## Task goal
Copy each line below as written, but skip the pictures.

## Stored data
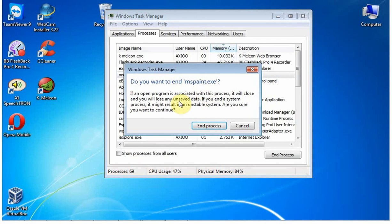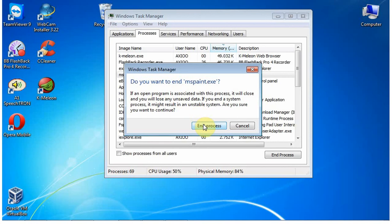If an open program is associated with this process, it will close and you will lose any unsaved data. If you end a system process, it might result in an unstable system. Are you sure you want to continue? Click End Process.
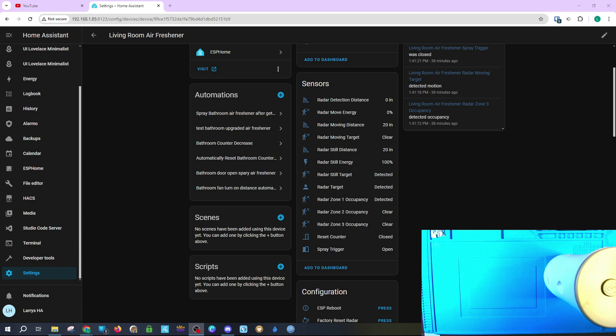You could even set up an automation so that if it detects motion in zone 1, it won't spray. That way, preventing you from getting sprayed when you're close to the air freshener. Well, that's it, guys. I hope you enjoyed the video.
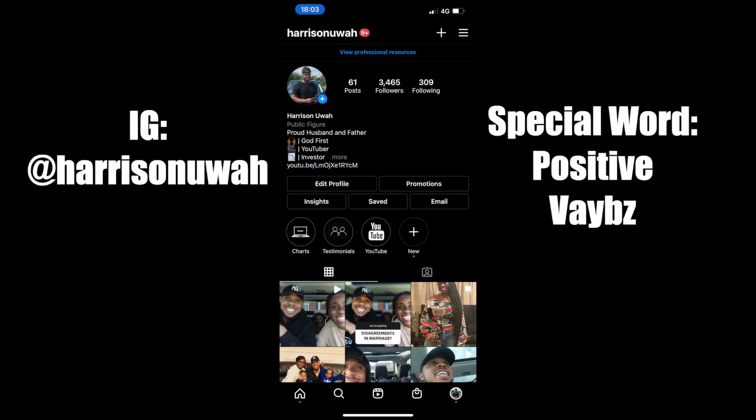The special word for today's mentorship giveaway is 'positive vibes' — spelled V-A-Y-B-Z. To get involved, comment something positive below — it can be anything positive, doesn't have to be about me. Keep that negative energy away. Don't forget to include your Instagram handle in the comment so I can identify you, then go follow me on Instagram and drop the special word in my DM.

## Reply
If an open program is associated with this process, it will close and you will lose any unsaved data. If you end a system process, it might result in an unstable system. Are you sure you want to continue? Click End Process.
You could even set up an automation so that if it detects motion in zone 1, it won't spray. That way, preventing you from getting sprayed when you're close to the air freshener. Well, that's it, guys. I hope you enjoyed the video.
The special word for today's mentorship giveaway is 'positive vibes' — spelled V-A-Y-B-Z. To get involved, comment something positive below — it can be anything positive, doesn't have to be about me. Keep that negative energy away. Don't forget to include your Instagram handle in the comment so I can identify you, then go follow me on Instagram and drop the special word in my DM.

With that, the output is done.